TASK INPUT: Begin

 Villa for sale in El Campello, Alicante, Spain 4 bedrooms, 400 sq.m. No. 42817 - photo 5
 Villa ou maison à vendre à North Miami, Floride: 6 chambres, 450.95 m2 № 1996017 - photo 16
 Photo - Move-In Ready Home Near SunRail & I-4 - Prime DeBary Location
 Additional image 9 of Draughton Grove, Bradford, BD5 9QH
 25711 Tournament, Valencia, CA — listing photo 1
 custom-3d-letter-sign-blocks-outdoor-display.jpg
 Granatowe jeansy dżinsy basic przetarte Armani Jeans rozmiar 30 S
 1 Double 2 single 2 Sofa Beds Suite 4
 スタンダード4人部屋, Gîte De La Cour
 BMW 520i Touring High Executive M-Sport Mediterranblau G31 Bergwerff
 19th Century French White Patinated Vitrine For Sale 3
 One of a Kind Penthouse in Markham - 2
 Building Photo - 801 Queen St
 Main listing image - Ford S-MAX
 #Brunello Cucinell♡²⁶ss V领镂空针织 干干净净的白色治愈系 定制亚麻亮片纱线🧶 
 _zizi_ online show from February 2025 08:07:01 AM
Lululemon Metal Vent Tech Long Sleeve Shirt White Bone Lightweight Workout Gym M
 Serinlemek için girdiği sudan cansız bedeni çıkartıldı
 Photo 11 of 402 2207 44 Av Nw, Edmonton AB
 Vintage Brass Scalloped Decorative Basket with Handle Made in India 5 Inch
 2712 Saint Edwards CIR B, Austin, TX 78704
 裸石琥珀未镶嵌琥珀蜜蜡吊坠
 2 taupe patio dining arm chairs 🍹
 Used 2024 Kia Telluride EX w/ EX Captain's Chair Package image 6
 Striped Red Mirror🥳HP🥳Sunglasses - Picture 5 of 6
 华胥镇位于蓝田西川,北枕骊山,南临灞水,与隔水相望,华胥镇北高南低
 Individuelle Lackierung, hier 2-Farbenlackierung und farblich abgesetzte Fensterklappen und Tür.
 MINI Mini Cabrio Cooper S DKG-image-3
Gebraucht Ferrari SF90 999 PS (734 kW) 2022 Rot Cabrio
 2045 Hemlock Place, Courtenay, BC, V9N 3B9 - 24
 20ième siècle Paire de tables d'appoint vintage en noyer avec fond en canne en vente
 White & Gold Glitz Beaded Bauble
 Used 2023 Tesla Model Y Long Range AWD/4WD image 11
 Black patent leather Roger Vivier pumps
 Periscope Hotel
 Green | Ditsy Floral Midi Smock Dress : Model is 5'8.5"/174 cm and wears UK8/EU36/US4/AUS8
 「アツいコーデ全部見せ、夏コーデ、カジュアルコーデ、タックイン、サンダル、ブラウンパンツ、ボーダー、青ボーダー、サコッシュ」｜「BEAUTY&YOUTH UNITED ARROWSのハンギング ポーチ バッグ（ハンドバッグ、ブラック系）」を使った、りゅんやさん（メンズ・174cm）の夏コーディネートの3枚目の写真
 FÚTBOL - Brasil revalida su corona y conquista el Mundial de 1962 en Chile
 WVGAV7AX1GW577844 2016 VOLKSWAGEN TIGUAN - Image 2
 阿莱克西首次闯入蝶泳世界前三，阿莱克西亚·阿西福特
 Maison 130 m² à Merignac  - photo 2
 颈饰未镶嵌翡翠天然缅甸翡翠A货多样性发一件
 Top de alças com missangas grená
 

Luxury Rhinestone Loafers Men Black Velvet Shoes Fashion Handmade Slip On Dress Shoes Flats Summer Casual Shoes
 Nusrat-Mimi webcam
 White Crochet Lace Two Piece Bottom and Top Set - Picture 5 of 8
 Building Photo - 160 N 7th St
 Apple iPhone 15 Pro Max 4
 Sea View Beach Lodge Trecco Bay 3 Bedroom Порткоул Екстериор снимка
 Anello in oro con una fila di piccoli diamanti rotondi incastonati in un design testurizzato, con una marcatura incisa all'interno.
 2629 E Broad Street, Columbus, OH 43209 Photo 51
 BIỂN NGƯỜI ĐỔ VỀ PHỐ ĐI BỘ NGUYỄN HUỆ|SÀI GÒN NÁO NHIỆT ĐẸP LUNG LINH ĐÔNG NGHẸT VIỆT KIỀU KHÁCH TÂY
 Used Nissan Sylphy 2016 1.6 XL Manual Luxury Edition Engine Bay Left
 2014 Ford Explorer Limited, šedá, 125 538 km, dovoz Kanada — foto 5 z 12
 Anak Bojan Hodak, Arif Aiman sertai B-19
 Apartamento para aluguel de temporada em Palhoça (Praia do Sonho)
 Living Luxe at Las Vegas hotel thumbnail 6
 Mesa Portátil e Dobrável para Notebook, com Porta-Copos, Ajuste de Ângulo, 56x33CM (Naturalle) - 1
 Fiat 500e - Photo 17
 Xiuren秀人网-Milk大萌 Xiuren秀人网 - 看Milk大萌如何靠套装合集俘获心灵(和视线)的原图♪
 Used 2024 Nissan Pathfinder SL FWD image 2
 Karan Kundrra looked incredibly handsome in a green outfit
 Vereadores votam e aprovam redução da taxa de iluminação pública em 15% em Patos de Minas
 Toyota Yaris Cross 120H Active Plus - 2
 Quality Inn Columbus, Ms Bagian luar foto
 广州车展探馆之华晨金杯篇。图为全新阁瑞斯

TASK INPUT: End

*YOUR INSTRUCTIONS*: Extract every line of the records above that contains the word "para".

*OUTPUT FOR THIS TASK*:
 Apartamento para aluguel de temporada em Palhoça (Praia do Sonho)
 Mesa Portátil e Dobrável para Notebook, com Porta-Copos, Ajuste de Ângulo, 56x33CM (Naturalle) - 1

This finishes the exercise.